Ny’s testimony in November took a rare turn when he addressed Samphan about the fate of his uncle, Chau Sao, a prominent Khmer Krom banker and official during the 1960s and ’70s.

Ny said Samphan, who became president of the state presidium under the Khmer Rouge, “knew my uncle very well”.

“Where did he die? This is what I want to know,” Ny, a 60-year-old from Takeo province, asked. “If I know where he died, I can find his skeletal remains, so that I can carry out a religious ceremony for his soul.”

The hearing ended soon afterwards, but Samphan’s defence team recalled Ny to ask him more questions.

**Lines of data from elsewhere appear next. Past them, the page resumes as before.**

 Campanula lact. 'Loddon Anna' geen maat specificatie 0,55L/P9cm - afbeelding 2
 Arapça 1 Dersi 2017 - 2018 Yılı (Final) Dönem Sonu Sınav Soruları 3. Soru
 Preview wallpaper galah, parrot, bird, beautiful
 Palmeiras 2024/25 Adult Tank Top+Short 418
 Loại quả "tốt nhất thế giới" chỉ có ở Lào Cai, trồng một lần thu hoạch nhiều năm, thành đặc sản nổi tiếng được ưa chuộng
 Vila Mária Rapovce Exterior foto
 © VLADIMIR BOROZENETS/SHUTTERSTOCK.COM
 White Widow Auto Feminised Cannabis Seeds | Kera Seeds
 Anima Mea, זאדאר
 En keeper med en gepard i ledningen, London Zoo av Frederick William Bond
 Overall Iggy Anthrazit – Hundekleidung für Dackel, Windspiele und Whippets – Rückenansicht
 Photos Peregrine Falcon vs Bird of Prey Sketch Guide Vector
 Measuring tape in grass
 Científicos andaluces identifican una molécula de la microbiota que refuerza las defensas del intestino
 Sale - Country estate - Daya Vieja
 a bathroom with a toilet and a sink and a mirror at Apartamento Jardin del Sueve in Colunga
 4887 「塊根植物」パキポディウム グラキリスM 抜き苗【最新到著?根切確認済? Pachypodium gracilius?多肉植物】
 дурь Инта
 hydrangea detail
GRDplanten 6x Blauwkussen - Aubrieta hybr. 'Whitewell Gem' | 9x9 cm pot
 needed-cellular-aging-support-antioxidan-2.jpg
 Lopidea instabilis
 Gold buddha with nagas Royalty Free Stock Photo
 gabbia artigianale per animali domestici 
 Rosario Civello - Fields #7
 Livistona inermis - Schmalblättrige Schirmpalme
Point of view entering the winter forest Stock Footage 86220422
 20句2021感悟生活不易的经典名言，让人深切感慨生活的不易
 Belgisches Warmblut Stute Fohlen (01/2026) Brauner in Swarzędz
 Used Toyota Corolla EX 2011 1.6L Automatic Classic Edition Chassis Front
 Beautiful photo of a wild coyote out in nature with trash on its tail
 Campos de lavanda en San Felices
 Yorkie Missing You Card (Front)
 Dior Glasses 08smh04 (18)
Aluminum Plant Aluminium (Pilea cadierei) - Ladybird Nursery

“They feel that this came up when they had not expected it, and they requested a recall, to cross-examine him with respect to Chau Sao,” said Vinita Ramani, co-founder of Access to Justice Asia and part of the legal team representing Ny. Ramani added that Ny’s actions set something of a precedent among civil parties.

“People realise, oh my god, there’s an opportunity to do something like this.”

Khmer Krom is a term applied to ethnic Cambodians with geographical ties to southern Vietnam. After the Khmer Rouge took power in 1975, and as relations with Vietnam deteriorated, Cambodians identified as Khmer Krom were hunted down and killed.

Ny survived by concealing his background, going so far as to speak in a hard-to-trace accent to avoid being discovered. He lost his nephews and brother through starvation, he told the court. During his concluding “statement of suffering”, he unexpectedly switched courses to ask Samphan about his uncle.

After a brief back and forth between Samphan and Trial Chamber President Nil Nonn, in which Samphan appeared on the cusp of responding, he said he would answer all questions once the hearings on evidence in the case came to an end.